[Requirement]
All pictures are to be omitted while the lines starting at the line with "Model Wearing underwire bikinitop" and ending at the line with "Vintage stainless arcade" in the material below are retyped exactly, both ends included.

[Recorded data]
☆ ☆ ☆ ☆

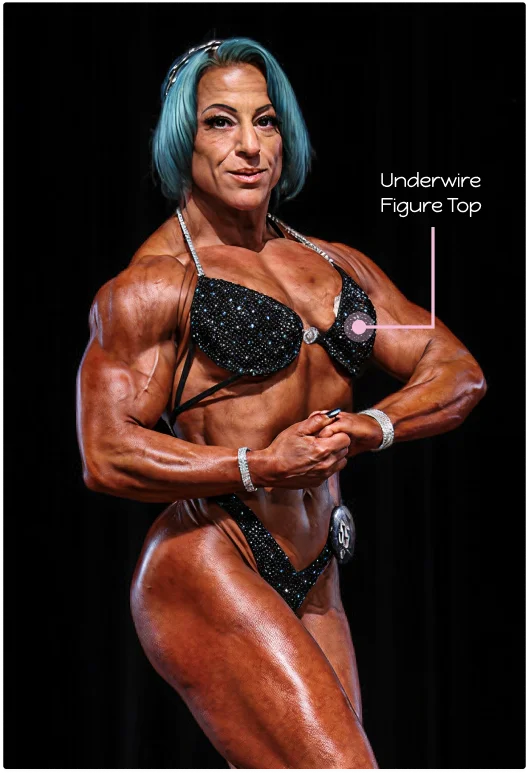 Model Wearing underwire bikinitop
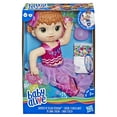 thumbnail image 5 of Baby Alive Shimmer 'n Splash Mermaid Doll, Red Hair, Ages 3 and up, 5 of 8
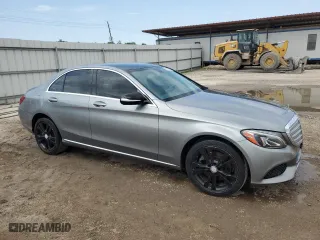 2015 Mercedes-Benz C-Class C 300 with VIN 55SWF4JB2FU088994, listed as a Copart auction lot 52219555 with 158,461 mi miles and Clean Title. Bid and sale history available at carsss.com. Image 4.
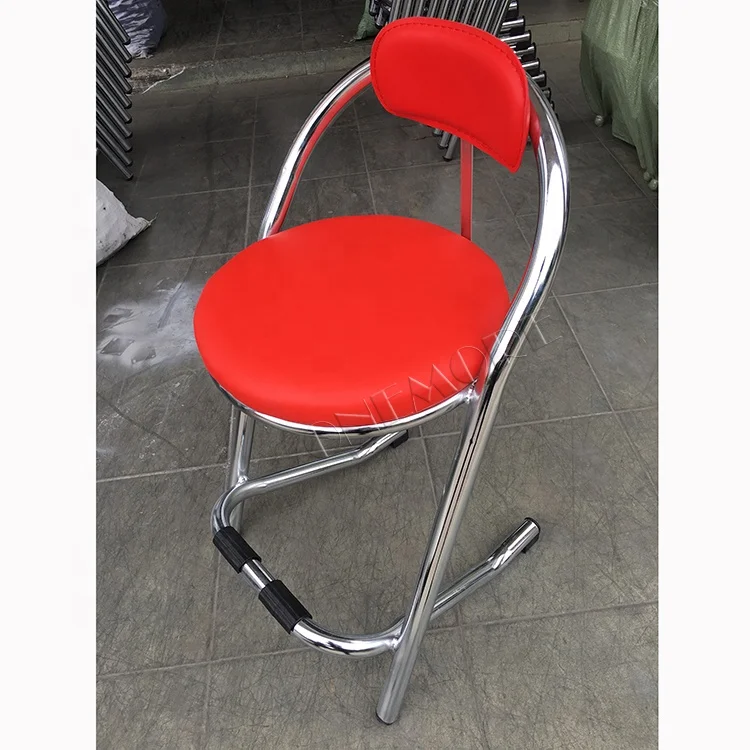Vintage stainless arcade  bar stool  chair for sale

☆ ☆ ☆ ☆

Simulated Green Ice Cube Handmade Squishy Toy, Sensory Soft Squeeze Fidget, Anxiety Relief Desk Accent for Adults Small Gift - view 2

☆ ☆ ☆ ☆

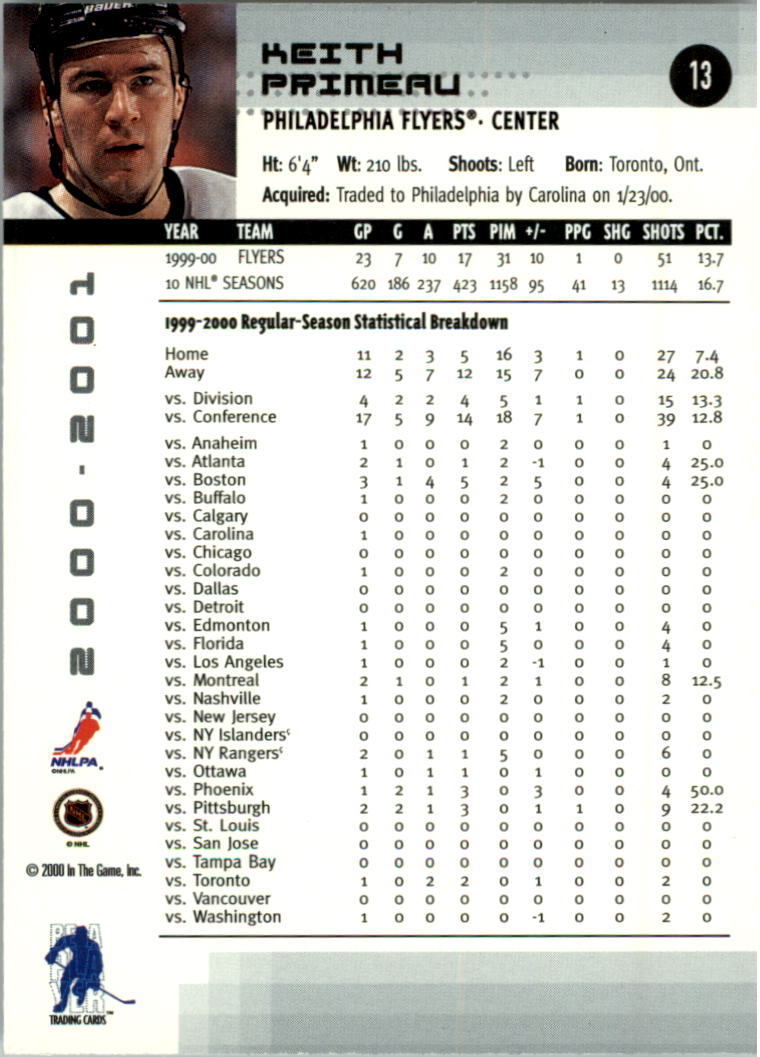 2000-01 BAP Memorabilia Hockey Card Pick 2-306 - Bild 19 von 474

☆ ☆ ☆ ☆

[Answer for this exercise]
 Model Wearing underwire bikinitop
 thumbnail image 5 of Baby Alive Shimmer 'n Splash Mermaid Doll, Red Hair, Ages 3 and up, 5 of 8
 2015 Mercedes-Benz C-Class C 300 with VIN 55SWF4JB2FU088994, listed as a Copart auction lot 52219555 with 158,461 mi miles and Clean Title. Bid and sale history available at carsss.com. Image 4.
Vintage stainless arcade  bar stool  chair for sale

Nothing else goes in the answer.